Employee Resilience, Agility & Adaptability
We L&D folks are pretty good at keeping up with learning trends: Who doesn’t love those new-year forecasts on the most promising learning technologies and techniques?
My team at SweetRush is no exception. But for 2022, we chose a different direction: research.
We got curious about how the ongoing global crises, human suffering, and social unrest were affecting our clients and friends. So we surveyed our community, asking how they were meeting needs, innovating, and evolving the L&D craft amid these challenges.
No fewer than 241 of our closest L&D friends came through—and things got deep.
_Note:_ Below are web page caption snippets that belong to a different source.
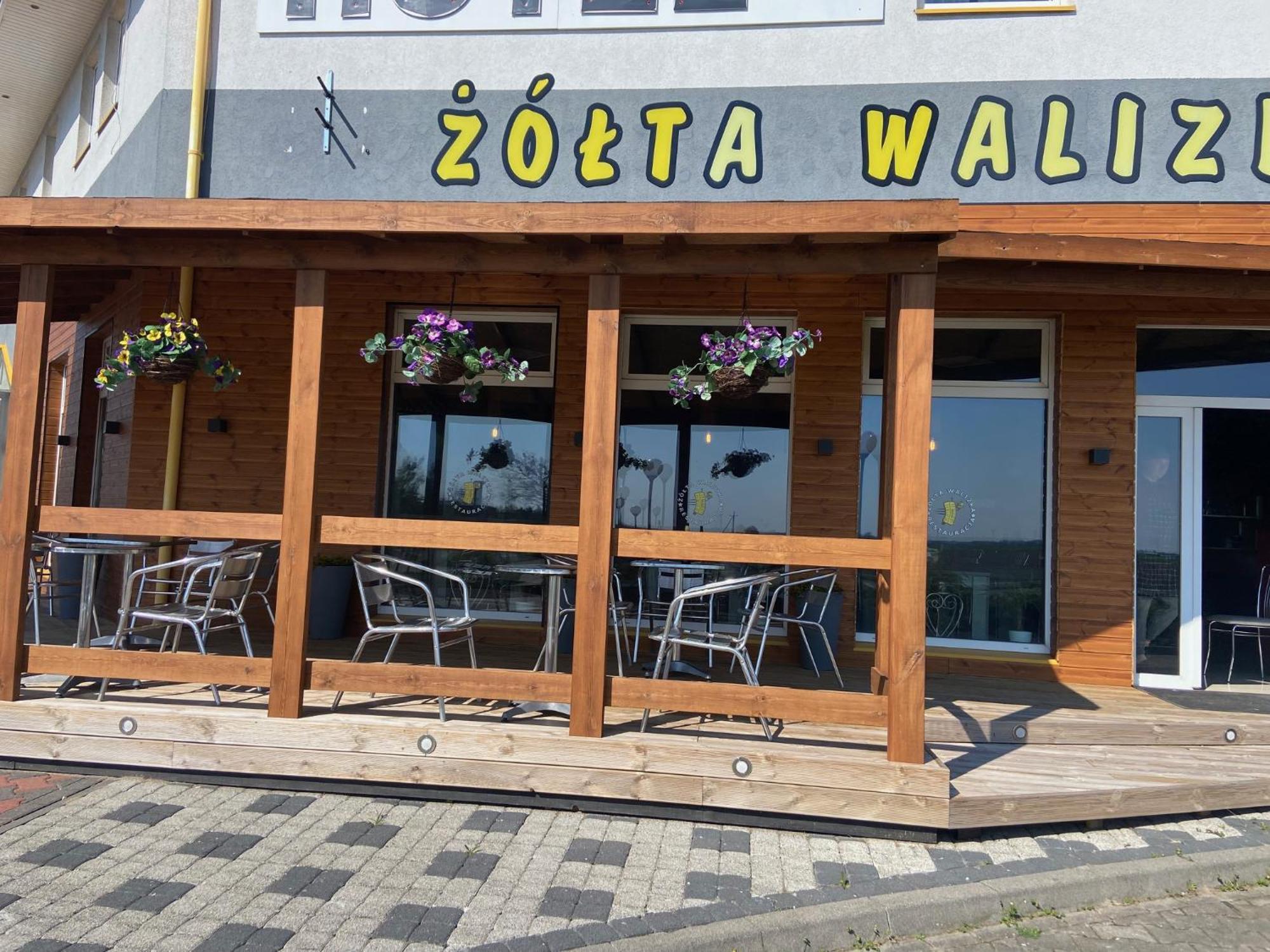 Zolta Walizka Gosciniec Hotel Podrzewie Buitenkant foto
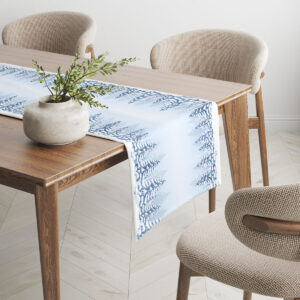 bieżnik świąteczny błękitny z zimowym motywem drzew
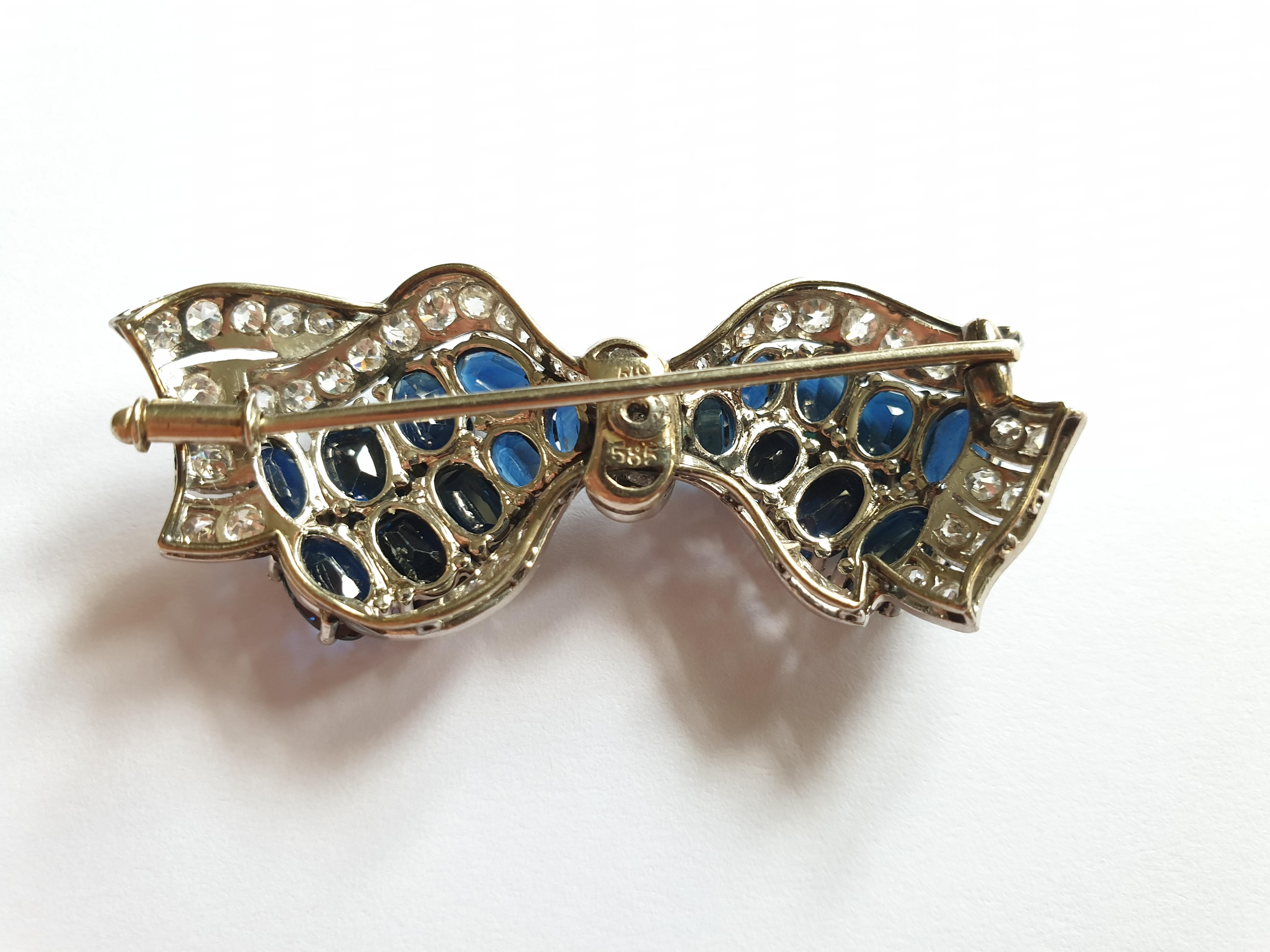 14 Carat Bow Brooch with Sapphires and Diamonds For Sale 3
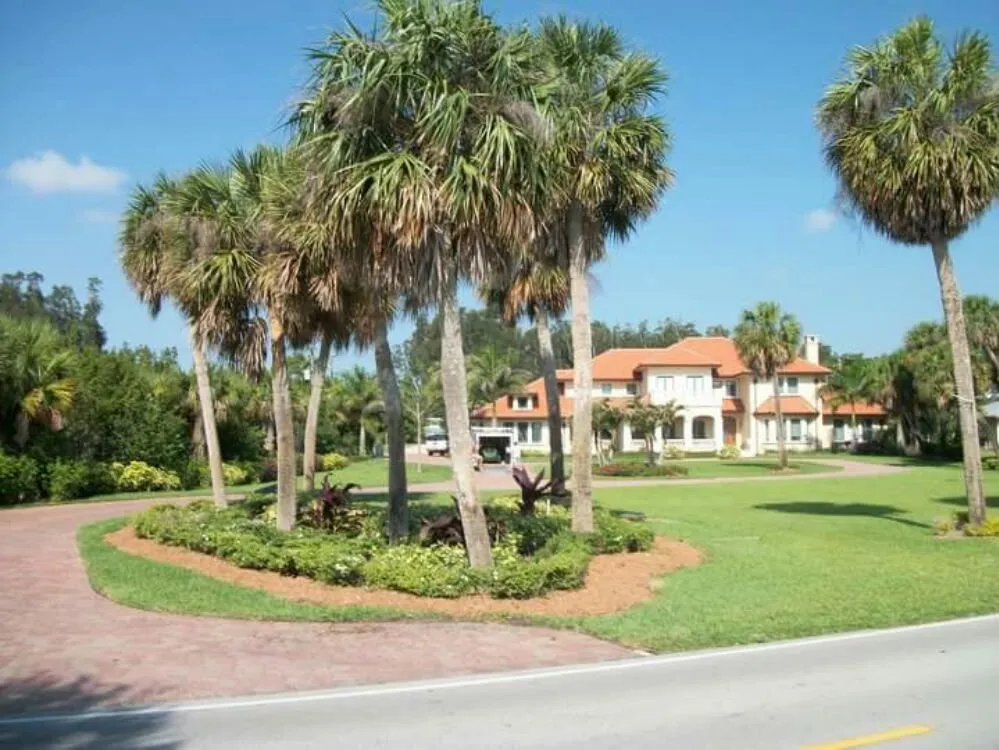 Expert yard cleanup service in Fort Pierce, FL - D & R Landscaping & Excavation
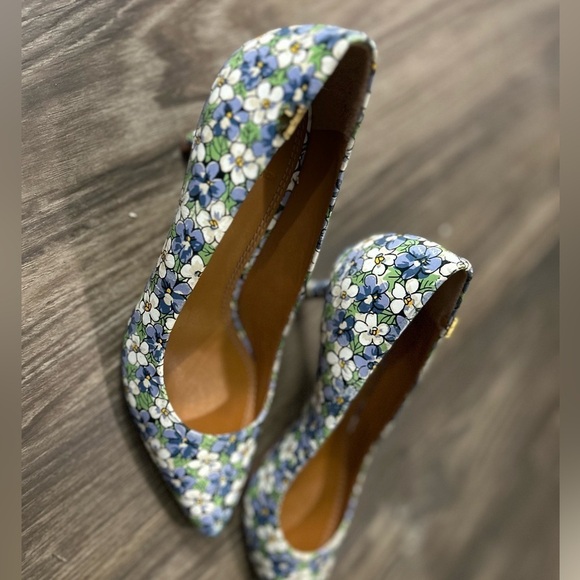 Tory Burch Penelope Pointy Toed Daisy Pattern Kitten Heel, size 5 - Picture 7 of 7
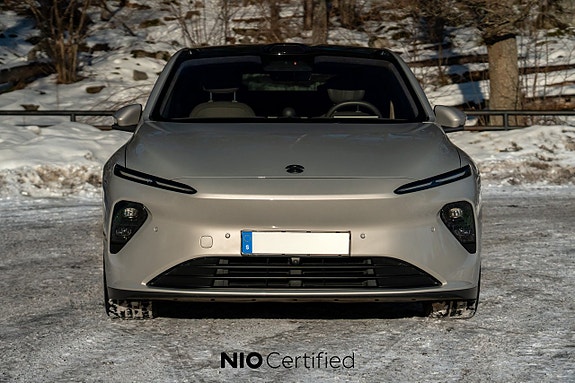 NIO ET7 3 of 9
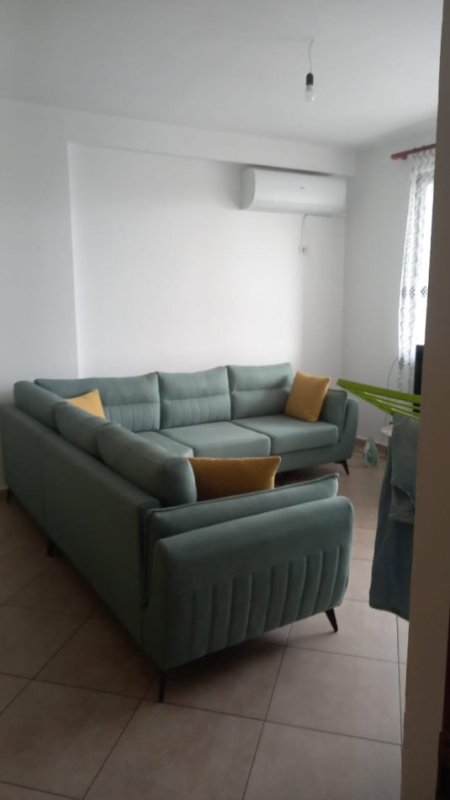 jepet me qera apartament 1+1  400 € (Kodra e Diellit)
These learning leaders opened up and shared their hopes, fears, challenges, solutions, and priorities.
And it all started with skills.
The Most Sought-After Skills: Agility, Adaptability, And Resilience
Why Are Agility And Adaptability So Important In The Workplace?
After the past two years, pivoting is part of everyone’s job description—so it was no surprise that agility and adaptability topped L&D leaders’ list of skills in demand.
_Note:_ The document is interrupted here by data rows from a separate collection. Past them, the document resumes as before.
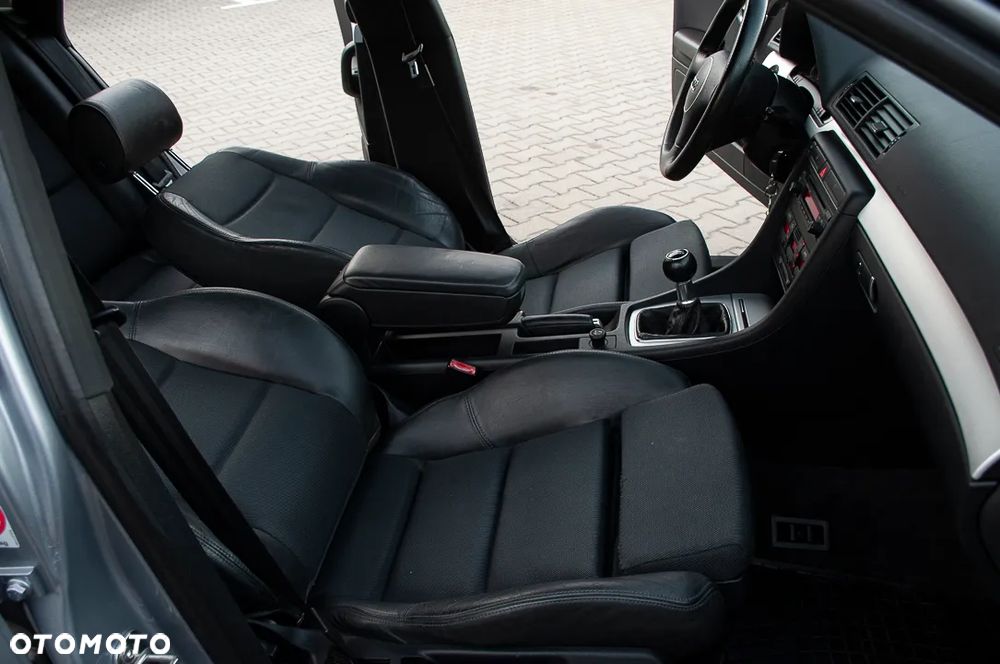 Audi A4 Avant 1.8 T - 21
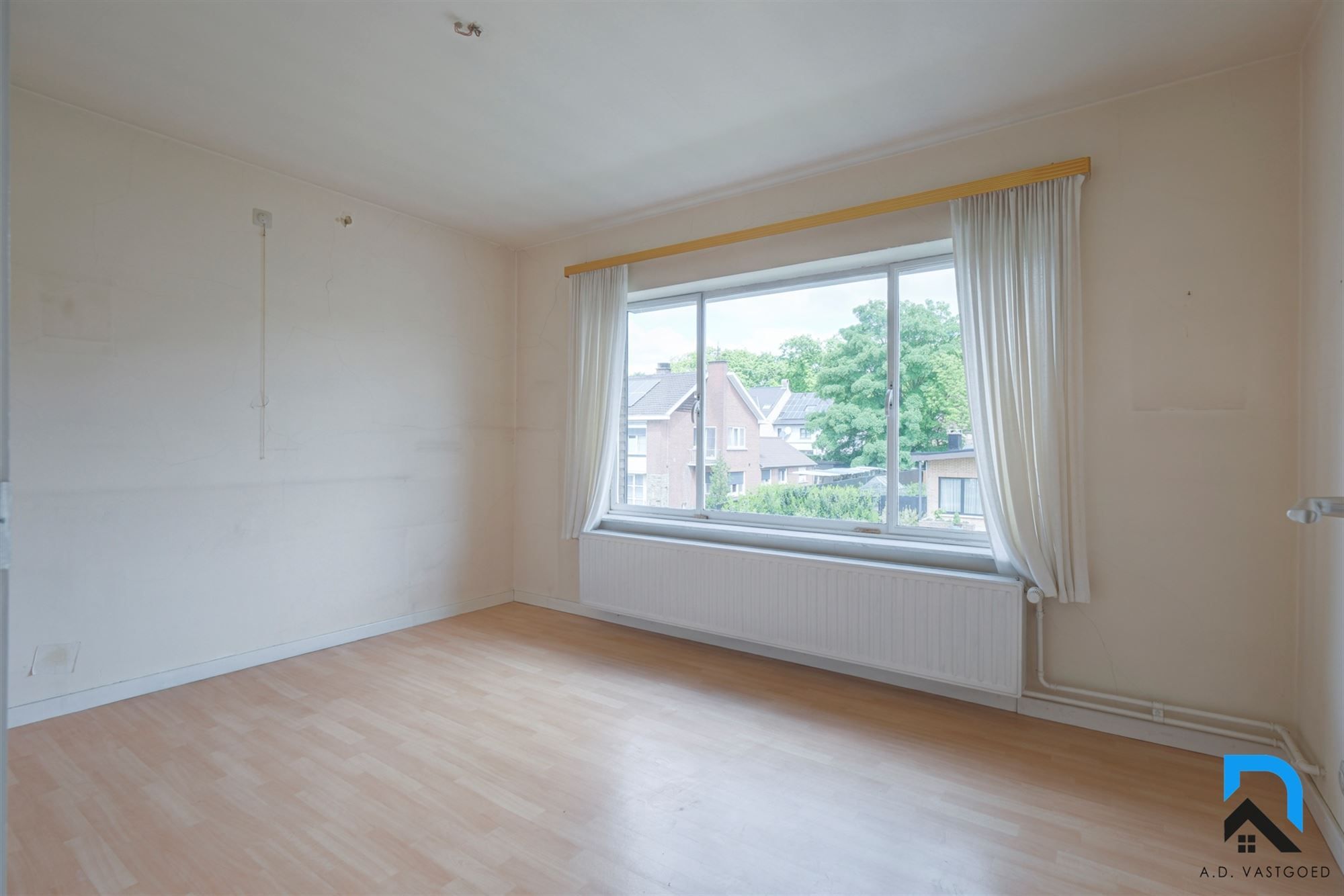 Halfopen bebouwing met tuin op toplocatie foto 15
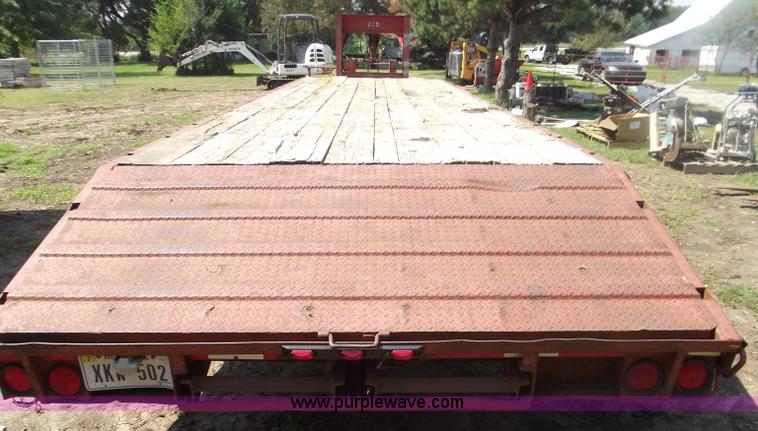 image for item B5011 1990 Hillsboro 32' goose neck trailer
What didn’t make their top 10 list of learning needs? Resilience. Yet a surprising number of respondents mentioned it in their open-ended comments.
What Is Resilience, And What Does It Have To Do With Agility And Adaptability?
To weather global uncertainty and unrest and ever-more-demanding workloads, we need more resilience. But that can be tough to develop in a work culture that feeds our fear brain.
The Carrot, The Stick, And The Snickers Bar: Feeding The Fear Brain
Many of us have been trained from an early age to feel validated—and valued—when we achieve and produce. Receiving praise or being the last to log off delivers a temporary dopamine hit… before we start looking for the next.
Winning the proverbial “carrot” feels good in the moment, but chasing it is exhausting and can lead to people-pleasing behaviors and weakened work-life boundaries.
Avoiding the “stick” also takes a physical toll: When we face criticism or a volatile colleague, our fear brain activates, causing us to literally lose ourselves. In fear mode, it’s physically impossible to think critically, empathize, or solve problems creatively.[1]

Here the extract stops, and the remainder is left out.